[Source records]
Segment Open

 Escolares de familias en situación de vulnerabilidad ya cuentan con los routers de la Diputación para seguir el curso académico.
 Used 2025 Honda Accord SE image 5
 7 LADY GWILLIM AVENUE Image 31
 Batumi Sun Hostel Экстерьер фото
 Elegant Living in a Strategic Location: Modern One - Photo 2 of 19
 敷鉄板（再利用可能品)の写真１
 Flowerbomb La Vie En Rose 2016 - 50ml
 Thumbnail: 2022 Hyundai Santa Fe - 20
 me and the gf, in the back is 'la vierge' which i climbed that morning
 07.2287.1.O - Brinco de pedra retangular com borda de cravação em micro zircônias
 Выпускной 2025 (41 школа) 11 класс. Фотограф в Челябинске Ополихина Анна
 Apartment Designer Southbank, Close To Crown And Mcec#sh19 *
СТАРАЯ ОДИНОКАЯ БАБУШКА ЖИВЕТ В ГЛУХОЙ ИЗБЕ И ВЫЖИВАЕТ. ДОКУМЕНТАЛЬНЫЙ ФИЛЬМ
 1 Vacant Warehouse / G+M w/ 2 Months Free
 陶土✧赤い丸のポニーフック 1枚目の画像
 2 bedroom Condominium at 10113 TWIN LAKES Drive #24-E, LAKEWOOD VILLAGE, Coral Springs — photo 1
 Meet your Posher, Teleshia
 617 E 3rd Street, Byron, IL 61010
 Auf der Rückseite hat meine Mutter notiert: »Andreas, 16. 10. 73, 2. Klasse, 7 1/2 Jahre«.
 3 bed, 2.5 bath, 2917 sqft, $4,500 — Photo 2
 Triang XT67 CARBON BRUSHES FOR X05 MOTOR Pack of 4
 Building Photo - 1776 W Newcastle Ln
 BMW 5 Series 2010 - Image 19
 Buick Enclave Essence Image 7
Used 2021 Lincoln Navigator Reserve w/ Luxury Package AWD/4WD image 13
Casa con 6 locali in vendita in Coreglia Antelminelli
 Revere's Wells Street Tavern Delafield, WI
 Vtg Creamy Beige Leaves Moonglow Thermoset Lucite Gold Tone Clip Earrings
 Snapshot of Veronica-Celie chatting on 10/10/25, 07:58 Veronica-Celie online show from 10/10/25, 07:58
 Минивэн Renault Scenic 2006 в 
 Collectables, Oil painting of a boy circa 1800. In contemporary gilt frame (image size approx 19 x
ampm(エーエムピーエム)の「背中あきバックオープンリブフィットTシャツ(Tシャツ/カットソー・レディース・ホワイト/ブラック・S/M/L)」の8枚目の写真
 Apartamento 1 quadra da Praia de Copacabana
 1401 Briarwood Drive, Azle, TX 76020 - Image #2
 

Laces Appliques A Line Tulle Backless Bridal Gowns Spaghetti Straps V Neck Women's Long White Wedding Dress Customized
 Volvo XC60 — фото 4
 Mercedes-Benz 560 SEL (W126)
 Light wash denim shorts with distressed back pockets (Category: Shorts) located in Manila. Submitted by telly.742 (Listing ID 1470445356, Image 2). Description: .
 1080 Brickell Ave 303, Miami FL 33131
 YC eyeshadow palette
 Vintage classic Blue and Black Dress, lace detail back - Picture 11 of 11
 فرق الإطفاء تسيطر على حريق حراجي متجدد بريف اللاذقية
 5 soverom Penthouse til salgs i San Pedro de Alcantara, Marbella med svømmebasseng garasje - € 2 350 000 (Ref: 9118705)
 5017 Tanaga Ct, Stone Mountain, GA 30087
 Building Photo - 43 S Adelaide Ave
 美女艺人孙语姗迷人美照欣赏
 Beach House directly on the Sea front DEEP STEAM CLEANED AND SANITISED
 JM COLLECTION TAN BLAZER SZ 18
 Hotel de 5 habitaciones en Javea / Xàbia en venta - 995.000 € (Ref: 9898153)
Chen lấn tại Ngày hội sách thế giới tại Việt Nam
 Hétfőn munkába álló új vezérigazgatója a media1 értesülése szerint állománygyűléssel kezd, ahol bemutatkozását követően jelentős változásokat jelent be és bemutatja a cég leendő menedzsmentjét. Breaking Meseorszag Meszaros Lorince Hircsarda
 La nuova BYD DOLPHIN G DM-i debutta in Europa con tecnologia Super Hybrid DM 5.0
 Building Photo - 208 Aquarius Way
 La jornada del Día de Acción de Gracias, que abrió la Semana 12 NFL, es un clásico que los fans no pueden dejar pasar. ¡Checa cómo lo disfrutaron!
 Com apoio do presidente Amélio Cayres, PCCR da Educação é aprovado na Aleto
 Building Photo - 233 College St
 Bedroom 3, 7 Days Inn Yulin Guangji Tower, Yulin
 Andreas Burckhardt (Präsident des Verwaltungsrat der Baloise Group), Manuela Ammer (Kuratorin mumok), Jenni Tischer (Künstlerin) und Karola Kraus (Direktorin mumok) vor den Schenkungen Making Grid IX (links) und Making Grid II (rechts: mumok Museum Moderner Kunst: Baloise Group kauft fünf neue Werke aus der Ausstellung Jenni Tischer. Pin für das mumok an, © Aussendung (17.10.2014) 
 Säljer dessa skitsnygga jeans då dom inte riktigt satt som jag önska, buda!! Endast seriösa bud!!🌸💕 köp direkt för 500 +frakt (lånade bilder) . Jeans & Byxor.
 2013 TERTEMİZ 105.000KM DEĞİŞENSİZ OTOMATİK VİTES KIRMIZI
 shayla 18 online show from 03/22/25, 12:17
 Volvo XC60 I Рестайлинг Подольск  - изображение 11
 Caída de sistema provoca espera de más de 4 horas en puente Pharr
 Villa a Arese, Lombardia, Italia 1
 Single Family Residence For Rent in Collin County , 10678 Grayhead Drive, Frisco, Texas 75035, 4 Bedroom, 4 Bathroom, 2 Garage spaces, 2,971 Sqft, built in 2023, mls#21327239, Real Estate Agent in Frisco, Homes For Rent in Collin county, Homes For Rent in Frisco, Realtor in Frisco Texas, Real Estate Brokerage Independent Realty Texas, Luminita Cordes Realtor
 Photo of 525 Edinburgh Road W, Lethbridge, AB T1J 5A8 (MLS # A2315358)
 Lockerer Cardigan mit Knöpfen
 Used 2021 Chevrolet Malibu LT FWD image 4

Segment Closed

## About this exercise:
What you give back should be exactly the lines of the data above from the line with "Auf der Rückseite" through the line with "Buick Enclave Essence Image 7", both of those included, and nothing more.

## Reply to the task:
 Auf der Rückseite hat meine Mutter notiert: »Andreas, 16. 10. 73, 2. Klasse, 7 1/2 Jahre«.
 3 bed, 2.5 bath, 2917 sqft, $4,500 — Photo 2
 Triang XT67 CARBON BRUSHES FOR X05 MOTOR Pack of 4
 Building Photo - 1776 W Newcastle Ln
 BMW 5 Series 2010 - Image 19
 Buick Enclave Essence Image 7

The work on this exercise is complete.